Si la collection avec Monoprix marque le grand retour de José Lévy au prêt-à-porter, le designer n’avait pas pour autant quitté le monde du vêtement : José Lévy collabore pour la deuxième fois avec le metteur en scène Arthur Nauzyciel, pour qui il dessine les costumes de sa prochaine pièce, une adaptation de Splendid’s de Jean Genet pour janvier 2014. « Quand on fait des costumes de théâtre, ce ne sont pas que des vêtements : on redessine complètement l’allure du corps, » explique le créateur. Janvier marque aussi l’ouverture de son espace à la Jeune Rue, lieu de création inédit dans le Nord de Paris. « Ce sera comme une galerie, un lieu atypique. Il n’y aura que des choses dessinées pour cet endroit particulier, de la mode au design en passant par la nourriture, mais aussi ce qui relève des interventions d’artistes, de sociologues… J’ai envie que ce soit un lieu vivant, d’échange et de partage. »

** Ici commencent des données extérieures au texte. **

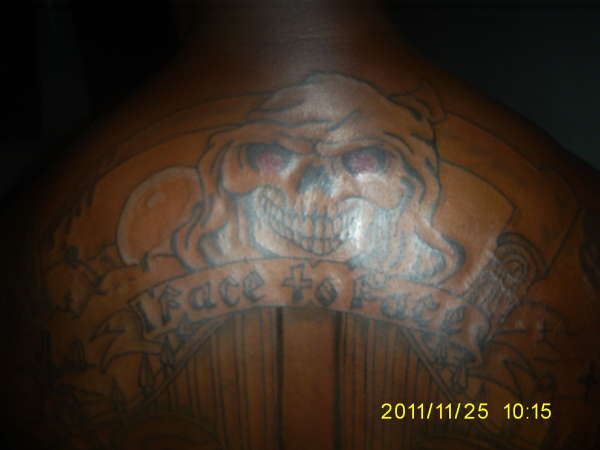 Face to Face (6 hrs in) tattoo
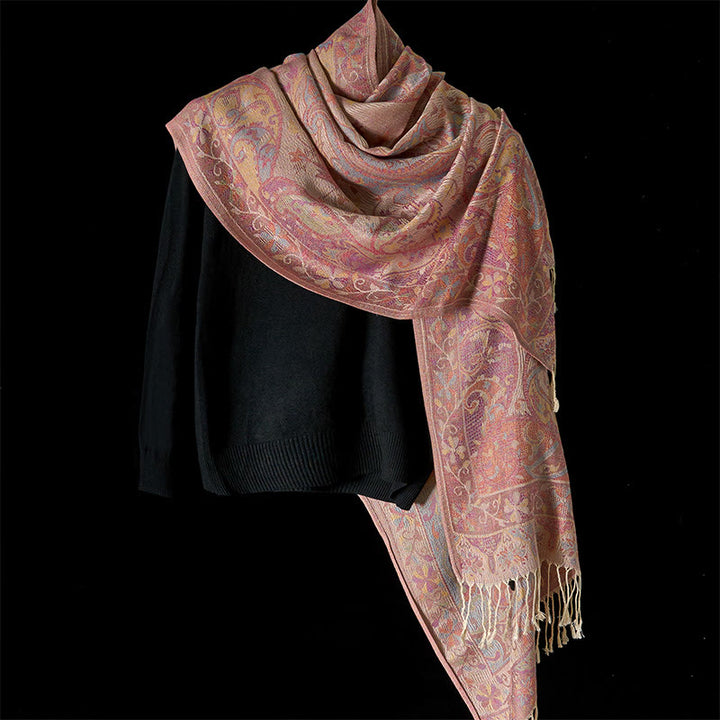 Buddha Stones春 カシューナッツの花 つる模様 タッセル ソフト スカーフ ショール - image 1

Au terme de plus de deux heures d’entretien, la carrière du designer de 51 ans donne le tournis. Une pluralité de supports de création, de domaines artistiques, de pays et de personnalités s’y croisent et s’y fondent. José Lévy reste avant tout un homme en quête, « une quête permanente, inlassable, infinie ». Parmi toutes ces réalisations, reste t-il à José Lévy une création rêvée ? « Plein – heureusement ! J’adorerais dessiner un téléphone, mon rêve absolu. C’est un objet qui nous sert en permanence, le challenge est énorme – il n’y a rien de plus intime qu’un téléphone. » A suivre.